Dataset excerpts:
------------------------------
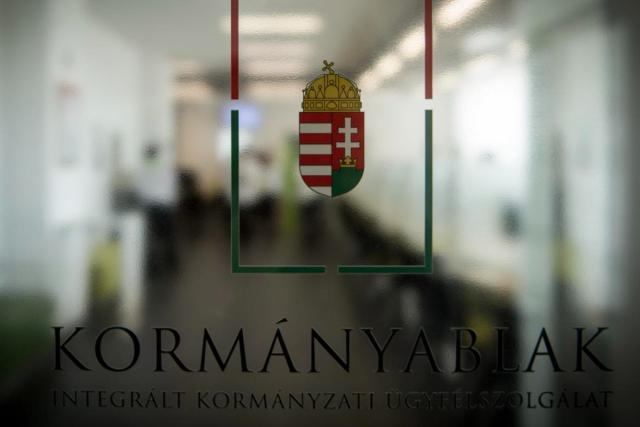 Ismt zavartalanul mkdnek a kormnyablakok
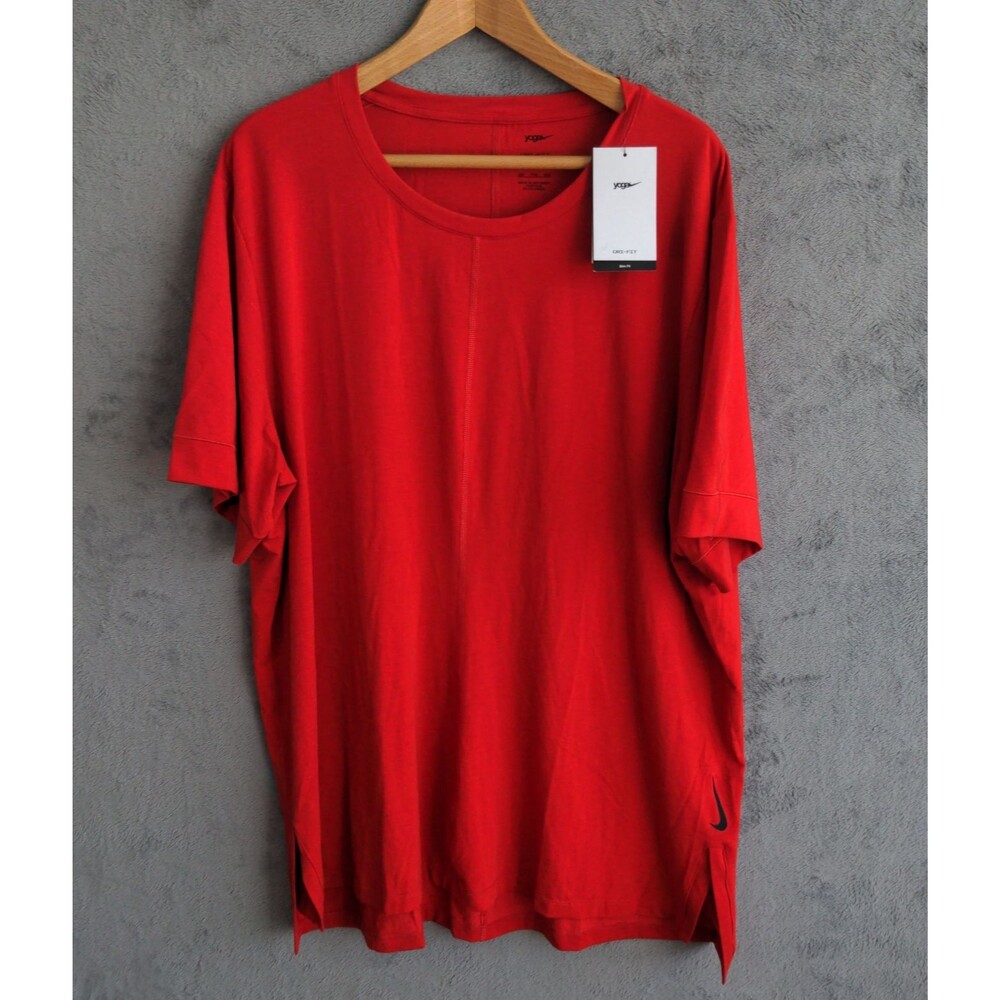 Nike Yoga T-Shirt Men’s 2XL Red Slim Fit Dri Fit Training Performance Athletic
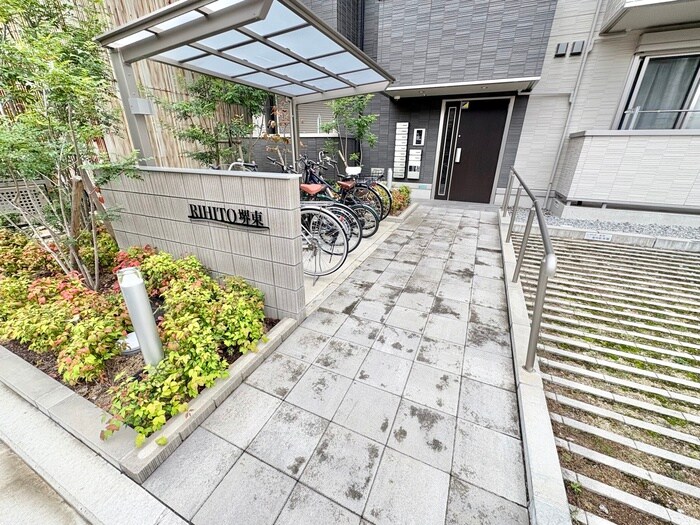 物件外観写真3　(エントランス部分)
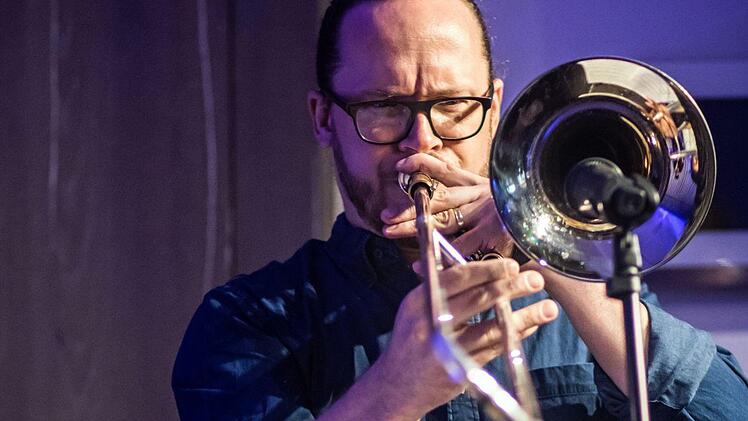 Samuel Torres (Congas) und Bruno Böhmer Camacho am Flügel gastierten mit musikalischen Mitstreitern bei "Leise am Markt" in Coburg.Foto: Jochen Berger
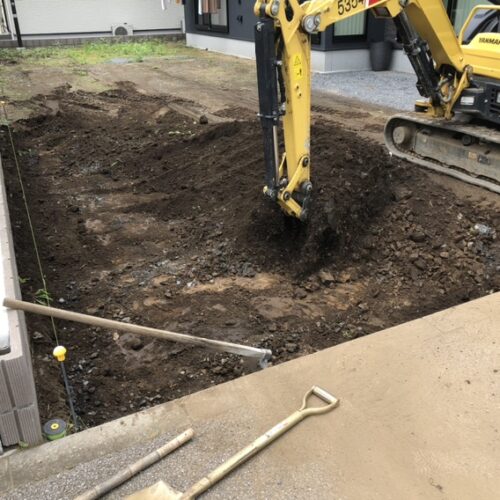 駐車場部分の掘削作業となります。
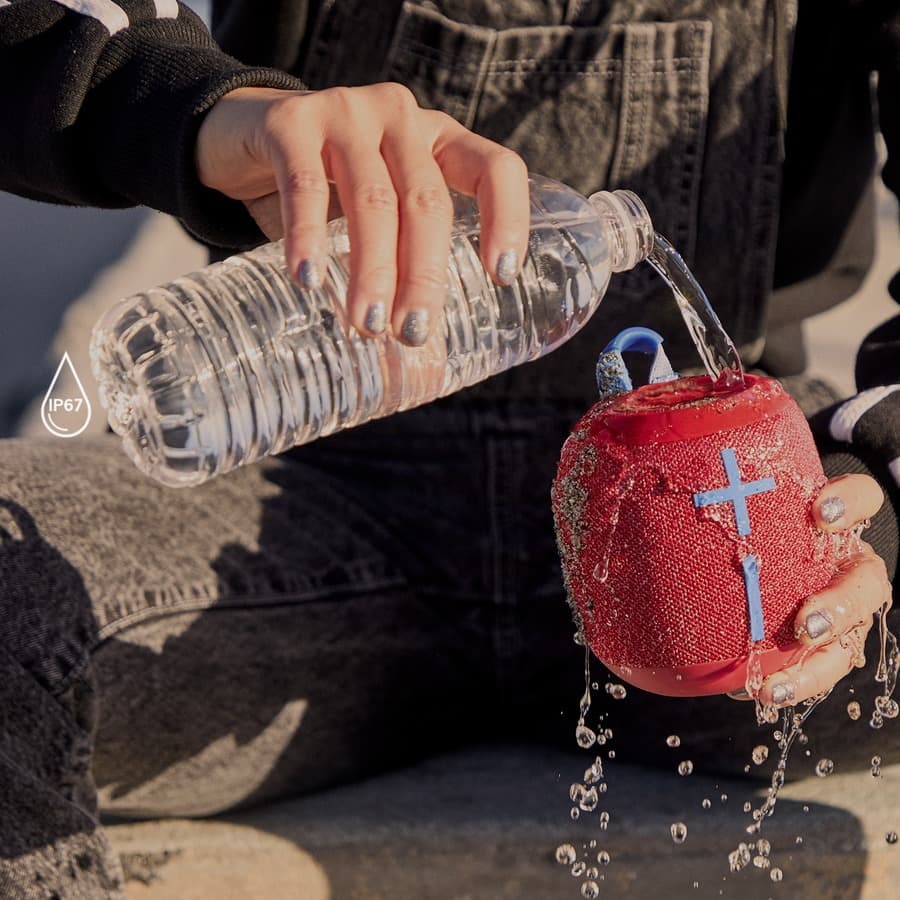 Ultimate Ears WONDERBOOM 2 Radical Red portable Bluetooth speaker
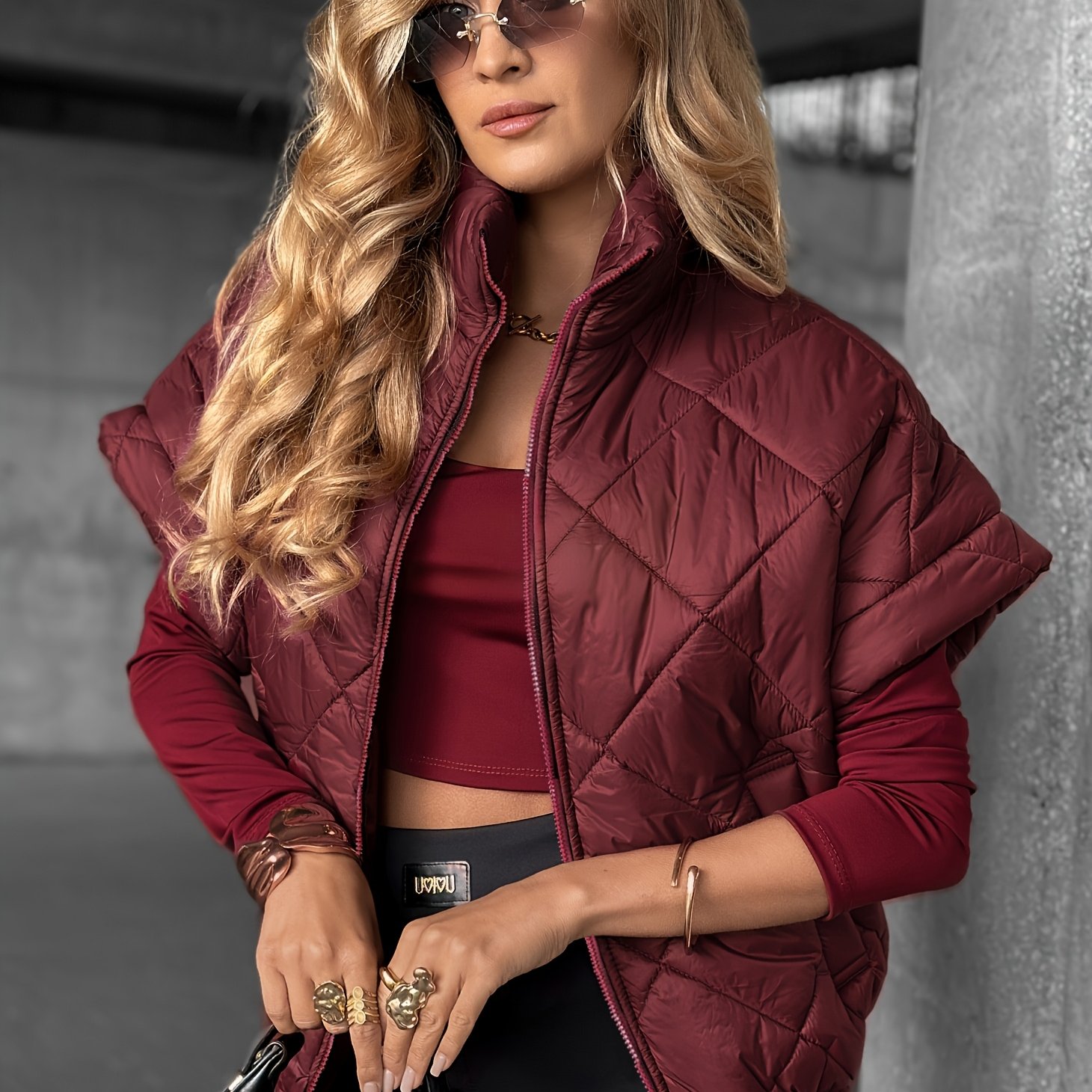 Women's Sleeveless Short Jacket with Full Zipper and Pockets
------------------------------
**TASK STATEMENT:**
Starting at the line that contains "Samuel Torres (Congas)" and ending at the final line of the data, reproduce each line exactly. Pictures stay out of the copy.

**EXERCISE SOLUTION:**
 Samuel Torres (Congas) und Bruno Böhmer Camacho am Flügel gastierten mit musikalischen Mitstreitern bei "Leise am Markt" in Coburg.Foto: Jochen Berger
 駐車場部分の掘削作業となります。
 Ultimate Ears WONDERBOOM 2 Radical Red portable Bluetooth speaker
 Women's Sleeveless Short Jacket with Full Zipper and Pockets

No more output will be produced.